Tagore believed that ‘true knowledge is that which perceives the unity of all
things in God.’ Tagore, through his vast body of immortal literary works taught us that the
universe is a manifestation of God, and that there is no unbridgeable gulf between our
world and God’s, and that God is the one who can provide the greatest love and joy.
2. from W. B. Yeats
The verses in Gitanjali…as the generations pass, travellers will hum them on the
highway, and men rowing upon the rivers. Lovers, whilst they await one another, shall
find, in murmuring them, this love of God a magic gulf wherein their own more bitter
passion may bathe and renew its youth… The traveller in the red-brown clothes that he
wears that dust may not show upon him, the girl searching in her bed for the petals fallen
from the wreath of her royal lover, the servant of the bride awaiting the master’s
homecoming in the empty house, are images of the heart turning to God. Flowers and
rivers, the blowing of conch shells, the heavy rain of the Indian July, or the moods of that
heart in union or in separation; and a man sitting in a boat upon a river playing lute, like
one of those figures full of mysterious meaning in a Chinese picture, is God himself….’
Spirituality for Rabindranath Tagore is the dynamic principle that touches every aspect of
life and is the guiding principle that leads human existence from partiality to fullness.

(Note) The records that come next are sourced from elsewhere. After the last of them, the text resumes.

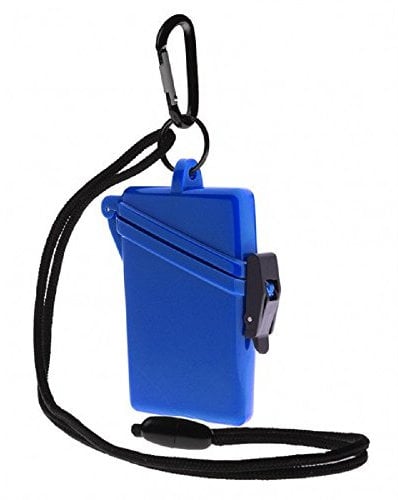 WITZ STRANDSAFE - Wasserdichter Badesafe blau [1 Stück] Strandbox Schwimmsafe mit Karabinerhaken und Nylonschnur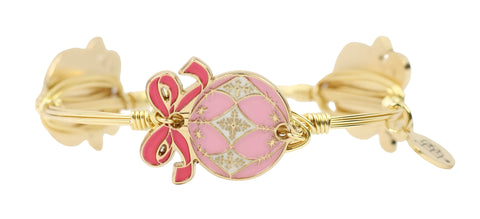 The Eloise Ornament Bangle Bracelet - Pink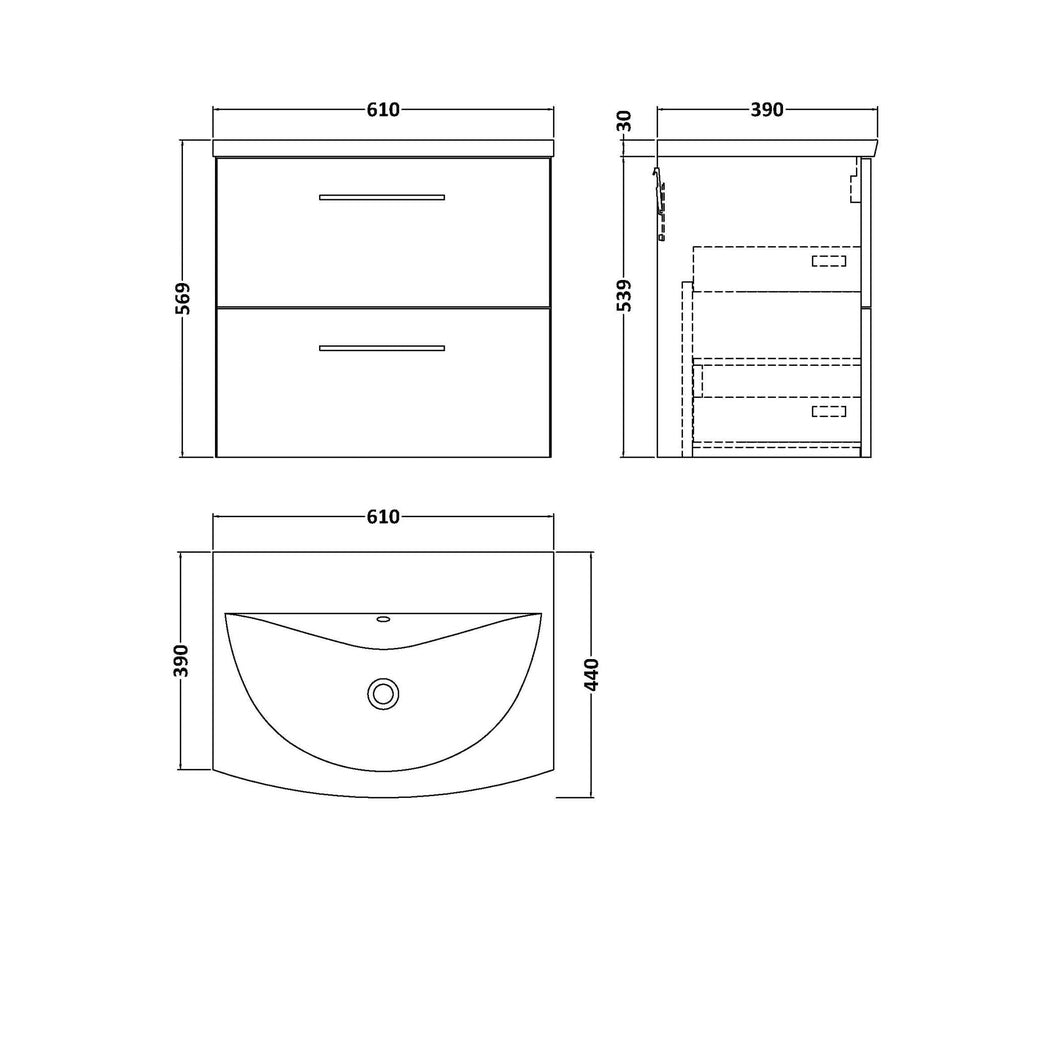 Nuie Arno 600mm Wall Hung 2 Drawer Vanity & Basin 4 Contemporary Anthracite Woodgrain MFC Textured Woodgrain 569x610x440mm - JJ Building Materials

Life’s journey, for Tagore, achieves its fulfilment through the creative interaction of an
artist or a poet, and not through renunciation of the world. He characterises his
spirituality as that of an artist.
This implies a change in one’s attitude to the world; one should move away from an
egoistic appropriation of the world, which results in experiences of the world as a source
of suffering and happiness, to an artistic experience of the world, where it is the source
of unconditional joy.
Integral to the spirituality of Tagore is the notion that everything is Brahman, and
Brahman is blissful. Tagore was also influenced by the traditions that focused on the
indwelling presence of God. Thus, in many of his writings Tagore stresses the need to
respond to the call from within, from the person ‘of the heart.’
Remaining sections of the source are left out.